Constraining the Natural MSSM through tunneling to color-breaking vacua at zero and non-zero temperature

TL;DR

This paper re-evaluates the constraints on the Natural MSSM parameter space by analyzing tunneling to charge- and color-breaking vacua at both zero and non-zero temperatures, considering thermal effects.

Contribution

It provides a comprehensive analysis of thermal tunneling constraints on the Natural MSSM, extending previous zero-temperature studies and refining the viable parameter space.

Findings

Thermal corrections significantly restrict the Natural MSSM parameter space.

Stable electroweak vacuum requires long lifetime at zero temperature.

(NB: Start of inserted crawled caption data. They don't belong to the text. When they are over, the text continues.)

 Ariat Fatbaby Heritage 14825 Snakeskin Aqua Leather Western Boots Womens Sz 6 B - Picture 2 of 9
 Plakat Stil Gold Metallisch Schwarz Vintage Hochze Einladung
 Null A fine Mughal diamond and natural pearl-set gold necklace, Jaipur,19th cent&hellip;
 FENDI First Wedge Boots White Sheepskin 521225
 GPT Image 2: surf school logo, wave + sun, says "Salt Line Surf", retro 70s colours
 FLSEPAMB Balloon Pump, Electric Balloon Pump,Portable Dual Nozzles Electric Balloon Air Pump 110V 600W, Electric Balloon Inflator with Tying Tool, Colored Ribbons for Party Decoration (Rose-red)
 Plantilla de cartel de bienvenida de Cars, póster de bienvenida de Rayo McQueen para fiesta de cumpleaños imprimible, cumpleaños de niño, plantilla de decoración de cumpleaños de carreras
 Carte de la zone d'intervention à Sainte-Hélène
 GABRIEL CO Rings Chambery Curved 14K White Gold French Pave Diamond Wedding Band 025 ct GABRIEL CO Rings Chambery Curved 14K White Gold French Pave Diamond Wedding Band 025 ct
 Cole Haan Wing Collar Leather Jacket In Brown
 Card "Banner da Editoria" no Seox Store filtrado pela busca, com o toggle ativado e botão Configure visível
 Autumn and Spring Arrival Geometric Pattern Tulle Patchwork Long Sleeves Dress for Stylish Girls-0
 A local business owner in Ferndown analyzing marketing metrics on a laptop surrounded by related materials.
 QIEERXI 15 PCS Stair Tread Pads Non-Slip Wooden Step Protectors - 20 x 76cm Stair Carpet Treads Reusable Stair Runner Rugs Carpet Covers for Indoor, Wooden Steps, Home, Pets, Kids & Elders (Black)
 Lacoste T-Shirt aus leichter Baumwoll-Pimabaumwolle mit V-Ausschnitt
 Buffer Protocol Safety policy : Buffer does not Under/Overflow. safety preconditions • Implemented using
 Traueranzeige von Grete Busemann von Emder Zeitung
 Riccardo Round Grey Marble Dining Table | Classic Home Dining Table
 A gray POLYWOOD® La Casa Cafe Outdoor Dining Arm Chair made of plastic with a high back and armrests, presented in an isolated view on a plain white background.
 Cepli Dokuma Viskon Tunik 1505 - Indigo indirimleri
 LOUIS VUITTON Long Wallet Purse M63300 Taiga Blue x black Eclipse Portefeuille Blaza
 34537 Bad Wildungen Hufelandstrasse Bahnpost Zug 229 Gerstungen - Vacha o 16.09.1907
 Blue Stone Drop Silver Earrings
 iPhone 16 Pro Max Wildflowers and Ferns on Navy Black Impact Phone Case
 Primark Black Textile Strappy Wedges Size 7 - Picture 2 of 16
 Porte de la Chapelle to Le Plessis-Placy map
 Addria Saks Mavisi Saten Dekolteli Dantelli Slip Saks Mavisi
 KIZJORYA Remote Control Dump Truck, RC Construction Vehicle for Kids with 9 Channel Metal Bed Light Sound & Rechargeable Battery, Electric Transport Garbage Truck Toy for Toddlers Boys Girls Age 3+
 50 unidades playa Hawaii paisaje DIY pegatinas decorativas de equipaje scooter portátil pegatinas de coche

Thermal tunneling further constrains models with light scalar tops.

Abstract

We re-evaluate the constraints on the parameter space of the minimal supersymmetric standard model from tunneling to charge- and/or color-breaking minima, taking into account thermal corrections. We pay particular attention to the region known as the Natural MSSM, where the masses of the scalar partners of the top quarks are within an order of magnitude or so of the electroweak scale. These constraints arise from the interaction between these scalar tops and the Higgs fields, which allows the possibility of parameter points having deep charge- and color-breaking true vacua. In addition to requiring that our electro-weak-symmetry-breaking, yet QCD- and electromagnetism-preserving vacuum has a sufficiently long lifetime at zero temperature, also demanding stability against thermal tunneling further restricts the allowed parameter space.